In lieu of a fisheye that clears out the bank account, bide your time with one you can build with just $10 and a thirty minute trip to the local hardware store. All you’ll essentially need is a combination of PVC pipe, electrical tape, and a door viewer or peephole for this task.
The fisheye made in this article is intended to fit onto my Nikon D50’s f/3.5-5.6 18-55mm lens. This is the stock kit lens for most of Nikon’s D-series. The same methods here will work on any camera lens, but requires a bit of flexibility considering the sizes of many lenses vary. I suggest you bring your camera with you to the store to find the best fit possible.
What To Buy
First off, we’ll want to grab a door viewer, as this is what creates the fisheye effect. The larger the viewer’s opening the better, since your camera has to zoom into it. While the 200-degree viewers may create a better fisheye effect, the opening is typically smaller.
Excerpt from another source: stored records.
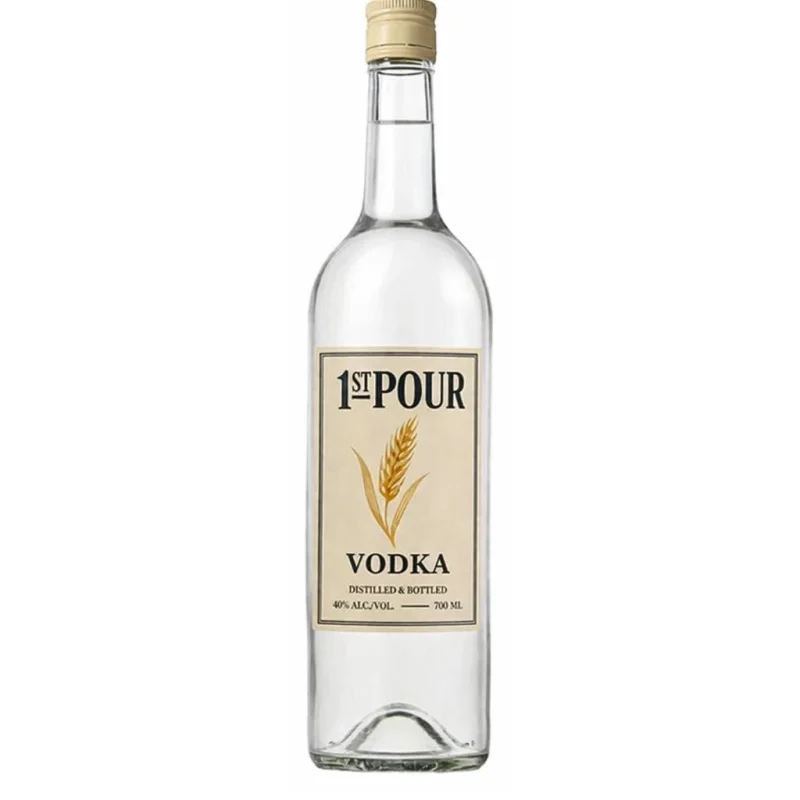 1st Pour Vodka Premium Vodka 37% 700ml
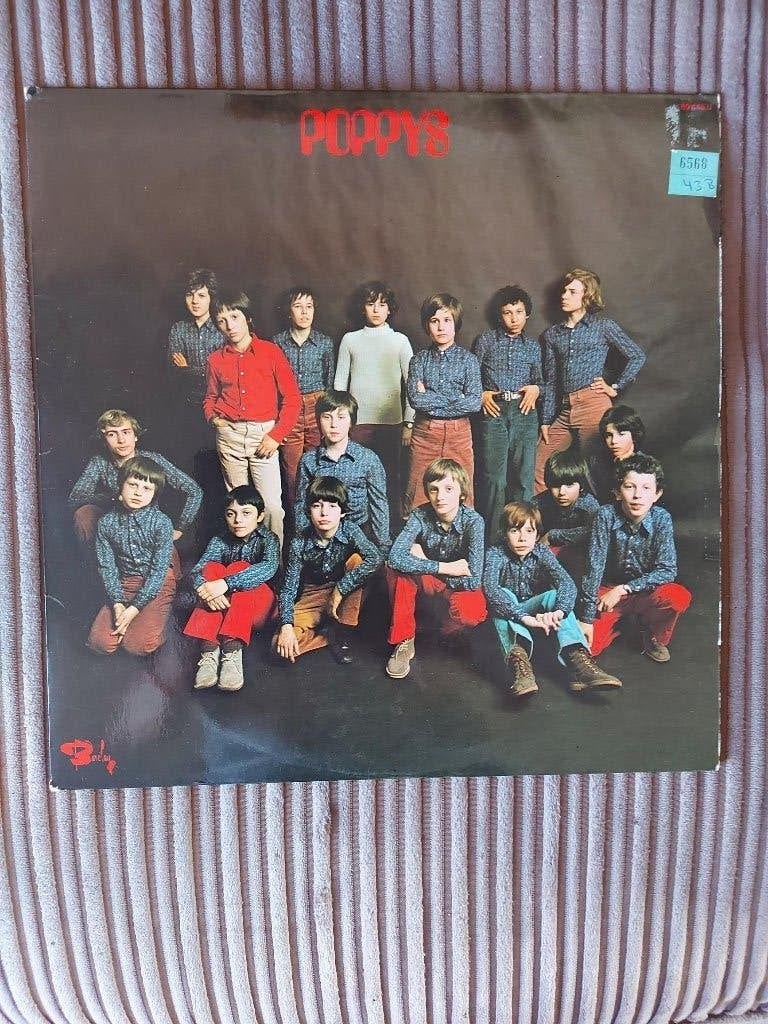 LP Poppys / Titel: Poppys (1971), LP, Gebruikt, Pop, Ophalen of Verzenden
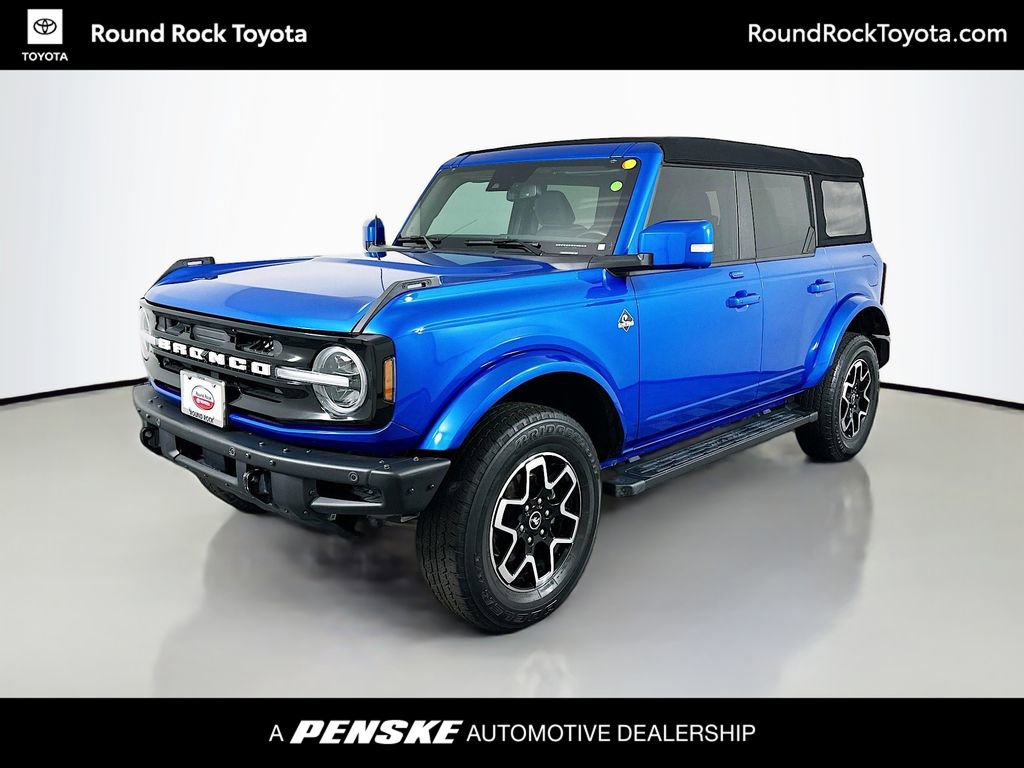 Used 2022 Ford Bronco Outer Banks image 1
I ended up settling on a 160 degree door viewer that was about ¾” in diameter.
Afterward, head over the PVC aisle where you’ll have to play around a bit. The goal is to keep the door viewer as close to your lens as possible. I grabbed a 2” coupling, where the inside of the larger end is threaded and allows it to sit snugly on the end of my lens. At this point, I recommend you attach a UV index filter if you’re worried about scuff marks, though I did not have any problems.
Inside the coupling, you’re going to want to place a PVC bushing. The bushing may not fight tightly, so you’ll want to get a bushing that is a bit smaller rather than larger. It’s easier to increase the circumference of the PVC bushing uniformly with electrical tape than it is to decrease with sand paper. I used a 1 ½” x 1” bushing. The inside of it has a small lip, about a millimeter thick, halfway down that prevents the next piece you’ll need from fitting in. A Dremel tool is the quickest way to get rid of it, but you can also just use a piece of sand paper.
The third piece is what connects the door viewer to the PVC pipe. I used a ¾” pipe that is a bit longer than the door viewer. When the lip of the 1 ½” x1” bushing is removed, this will fit firmly into it. Grab some electrical tape on the way out.